To me, cryptocurrencies are important but what’s perhaps most important and most earth shatteringly changing over the next five to 10 years is how we’re gonna apply blockchain to every single part of our business and livelihoods going forward. That is the real key disrupting part of cryptocurrencies as far as I’m concerned. It’s the software behind it which is gonna be most changing and disruptive to our lives.
Tama: So, how do you see the Bitcoin opportunity going forward?
Peter: Well, I think Bitcoin and other cryptocurrencies at this point are little more than a proof of concept of what we know as distributed ledger technology. Distributed ledger technology is gonna be applied across all facets of life and business that we know. For example, just about every major bank and every major central bank in the world is looking at applications of distributed ledger technology in finance.
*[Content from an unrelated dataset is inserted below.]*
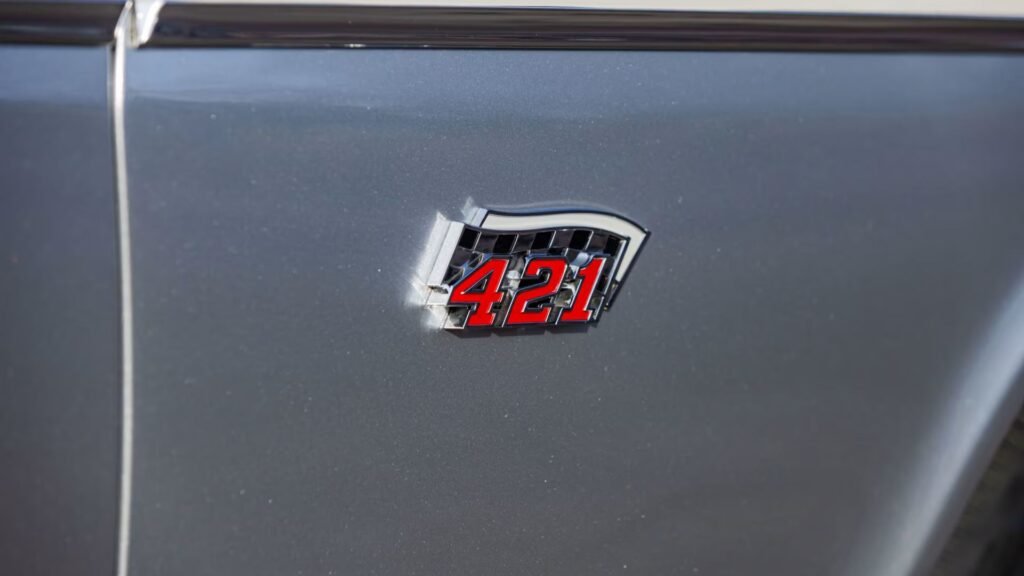 The Pontiac 421 Super Duty Turned 1960s Production Cars Into Badass Sleepers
And think about it, if we look at Bitcoin today, it’s really attracted more than most to the younger people and the younger generation who have adapted and adopted this form of currency perhaps more easier than people of my generation.
But as we go forward, I think we’re going to see that the huge concentrations of wealth in middle aged and older families and older people is gonna start to adopt Bitcoin and other cryptocurrencies as we go forward. Think about it right now, the amount of cryptocurrencies in circulation totally in the world is less than 150 billion. This is nowhere as much as the cash that Apple has sitting in its bank accounts, one company has sitting in its bank accounts. So, in terms of the grand scheme of things vis-a-vis currencies, in circulation around the world, crypto is an extremely small part of the total. I envisage that this in the next few years could easily get to something in the region of a trillion US dollars and that will represent… I think that it will have been accepted by a much broader part of the world community, the business community, and normal people, generally, to be used in their daily lives.
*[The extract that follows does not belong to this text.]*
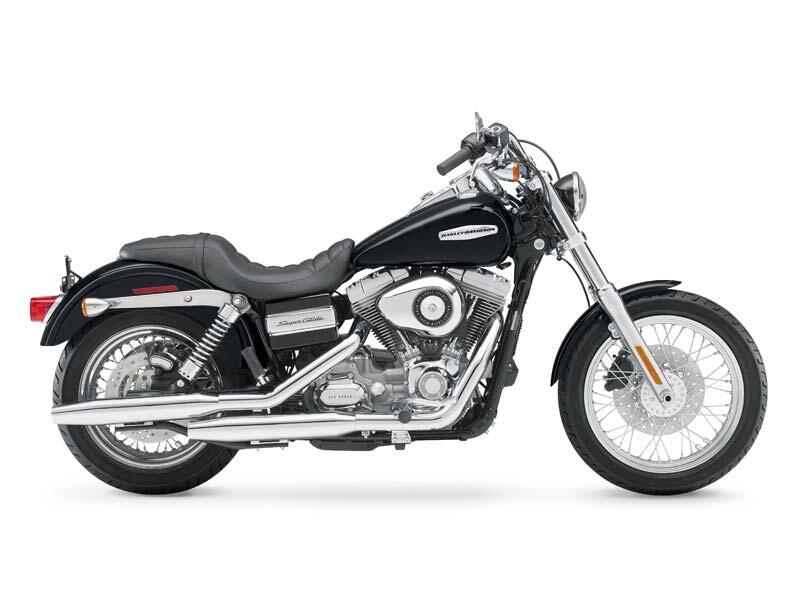 2010 FXD Harley-Davidson® Dyna® Super Glide® BLACK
Tama: So, what would you say to investors? Would you recommend buying Bitcoin?
Peter: I certainly would suggest that people at least pack a very, very small amount of their investable assets in cryptocurrencies, mainly Bitcoin because it is the longest running and most established. But be aware that this is a speculative investment, it’s going to be extremely volatile certainly in the short term and I would also recommend very, very, strongly that anybody buying into bitcoin take full responsibility for packing and safe keeping of that currency. You want to look after it 100% yourself, you wanna be very careful about leaving it with Bitcoin exchanges or any other third party companies at this stage. These storers and traders of Bitcoin have not yet got to the safety features of the global banking system that we’ve come to expect that we’re used to so much.
So, look after bitcoin and start off with a very small part of your portfolio.